These choices for synthetic voices, or lack thereof, directly and indirectly impact disabled users in myriad ways. For an “accessibility” feature, VoiceOver’s Novelty category contains labels for voices that mock individuals with mental health challenges and draw upon gendered tropes of mental illness. Among the labels in the Novelty category is a voice named “Deranged” (which says in its sample, “I need to go on a really long vacation”) and another named “Hysterical” (which cries, “Please stop tickling me”).
Apple macOS VoiceOver Novelty voice options include the ableist descriptors “Deranged” and “Hysterical.” Screenshot of Apple VoiceOver Utility settings by Meryl Alper.
Individuals with significant speech impairments (due to developmental or acquired language disorders such as apraxia or aphasia) who speak using synthetic voices face a double bind. When synthetic speech takes the form of “text-to-speech” (TTS), it vocalizes written content that hearing individuals can listen to. For instance, Siri can tell you where to find the nearest sushi restaurant without having to look it up online. This same technology can aid people who may or may not also have disabilities. A computer, for example, can read aloud for blind users the sushi menu from a webpage (as long as that menu is accessible to screen reading software).
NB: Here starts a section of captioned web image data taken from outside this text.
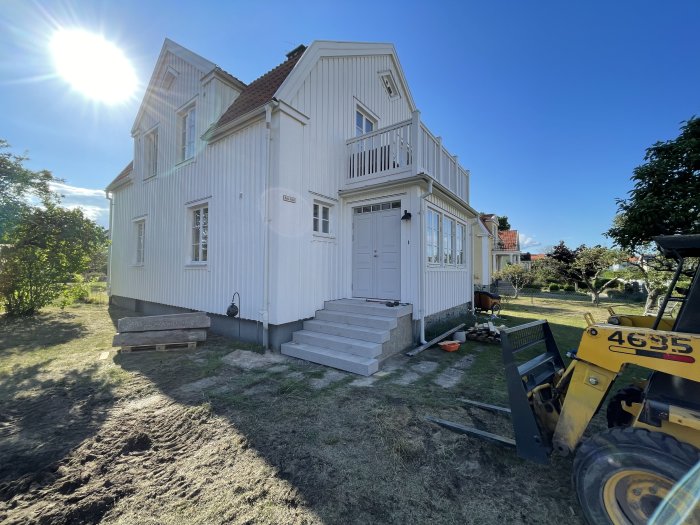 Nybyggd stentrappa framför husets huvudentré med en minilastare till höger och granitblock på gräsmatta.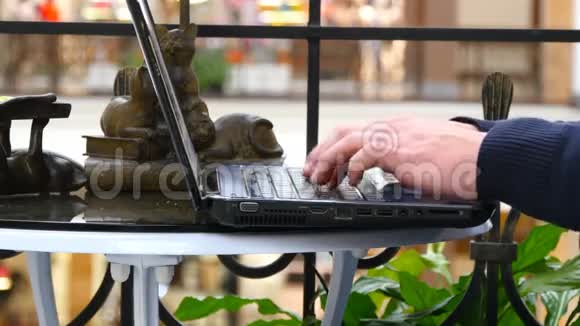 男性手在购物中心的笔记本电脑键盘上打字视频的预览图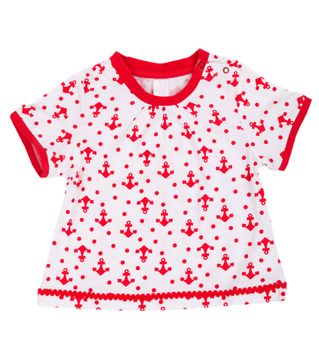 baby dress with a pattern in the shape of an anchor. Isolate on white.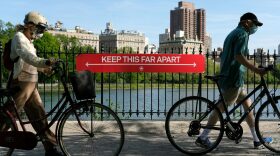 People wearing protective masks walk their bicycles past a social distancing sign reading "KEEP THIS FAR APART" at Jacqueline Kennedy Onassis Reservoir in Central Park.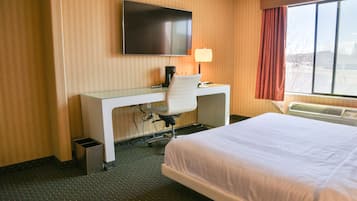 A hotel room with a bed, a desk with a chair, a television, a lamp, and a window with curtains.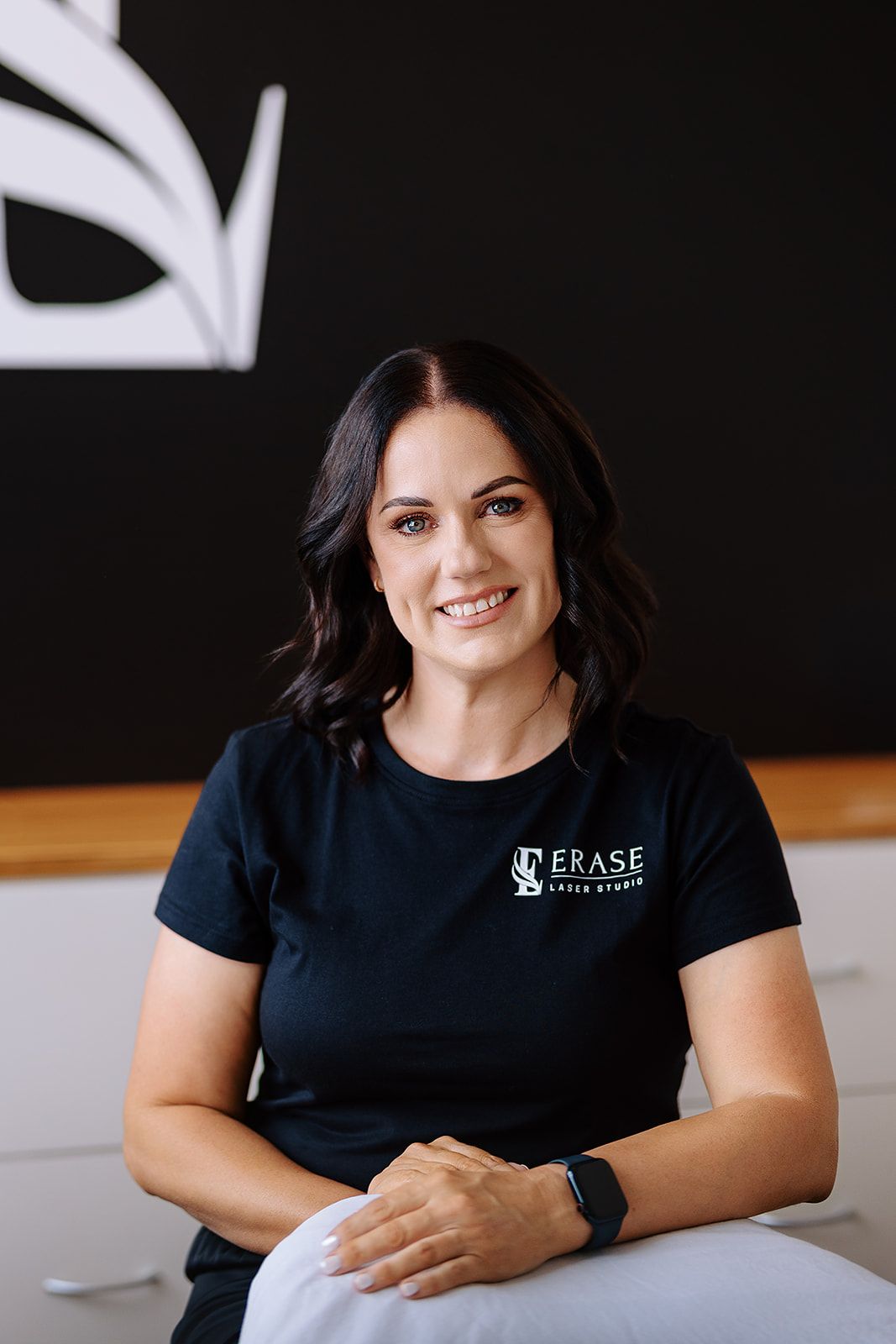 Professional woman in Erase Laser Studio black t-shirt smiling in a modern clinic setting.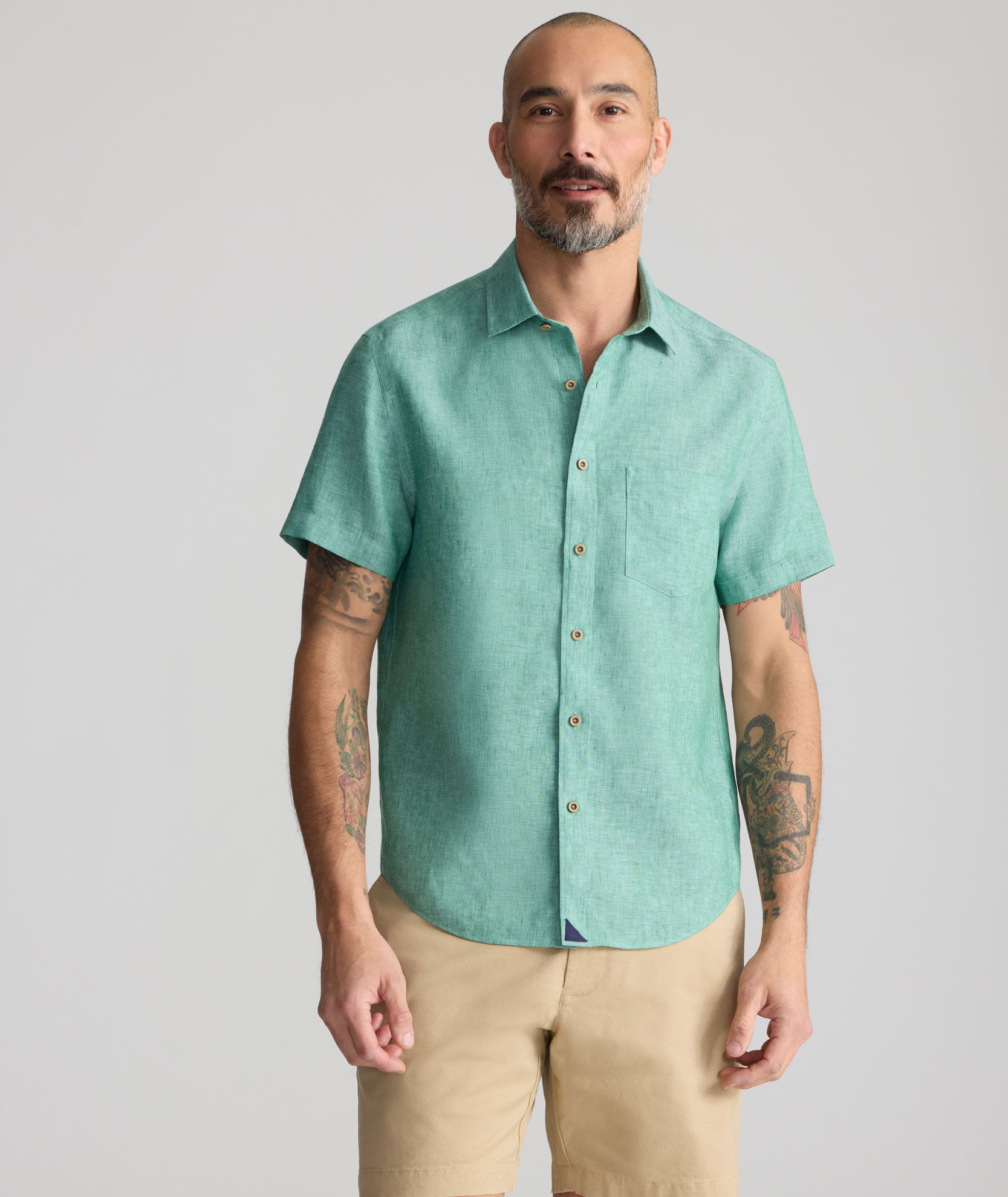 Man wearing a green short-sleeve shirt and beige pants, standing neutrally.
With TTS, the text is written by one person and spoken by an inanimate object for a different person to hear. But what about non-speaking individuals with disabilities? Their use of synthetic voices might be more akin to “speaking-to-speech,” as the construction of an utterance, phrase, or sentence is context dependent. If we only focus on speaking individuals as the users of synthetic speech, then we miss out its applications to a full range of consumers and needs.
All of this matters because while synthetic speech is often assumed to be an “accessible” technology that enables agency and self-expression, it also simultaneously reproduces and amplifies power imbalances. For my book, Giving Voice: Mobile Communication, Disability, and Inequality, I conducted ethnographic fieldwork among young people with significant speech impairments and found that racial and gender power imbalances manifested in synthetic speech in various ways. It came through in how young women with speech disorders used and creatively misused their more limited range of synthetic voices to communicate, and in how the parents of young non-speaking white boys more often discussed the ease with which they selected a “natural” voice for their child to use.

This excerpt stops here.